* [TASK]: Exactly as written, reproduce the lines from the one that contains "A swimming pool" through the end of the records.

Stored items

────────────────────

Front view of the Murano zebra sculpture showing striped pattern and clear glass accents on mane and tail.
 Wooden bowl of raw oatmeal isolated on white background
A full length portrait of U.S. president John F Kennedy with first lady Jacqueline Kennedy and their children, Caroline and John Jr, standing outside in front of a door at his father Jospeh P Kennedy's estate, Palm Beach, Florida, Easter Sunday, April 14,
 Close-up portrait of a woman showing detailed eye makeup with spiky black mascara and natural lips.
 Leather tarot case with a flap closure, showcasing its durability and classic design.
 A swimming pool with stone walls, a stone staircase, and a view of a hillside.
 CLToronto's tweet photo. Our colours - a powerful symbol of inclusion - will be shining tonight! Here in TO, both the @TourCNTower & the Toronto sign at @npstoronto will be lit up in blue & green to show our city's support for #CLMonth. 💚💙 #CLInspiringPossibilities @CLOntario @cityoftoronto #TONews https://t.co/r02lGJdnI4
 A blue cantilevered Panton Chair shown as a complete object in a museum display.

────────────────────

* [THE ANSWER]:
 A swimming pool with stone walls, a stone staircase, and a view of a hillside.
 CLToronto's tweet photo. Our colours - a powerful symbol of inclusion - will be shining tonight! Here in TO, both the @TourCNTower & the Toronto sign at @npstoronto will be lit up in blue & green to show our city's support for #CLMonth. 💚💙 #CLInspiringPossibilities @CLOntario @cityoftoronto #TONews https://t.co/r02lGJdnI4
 A blue cantilevered Panton Chair shown as a complete object in a museum display.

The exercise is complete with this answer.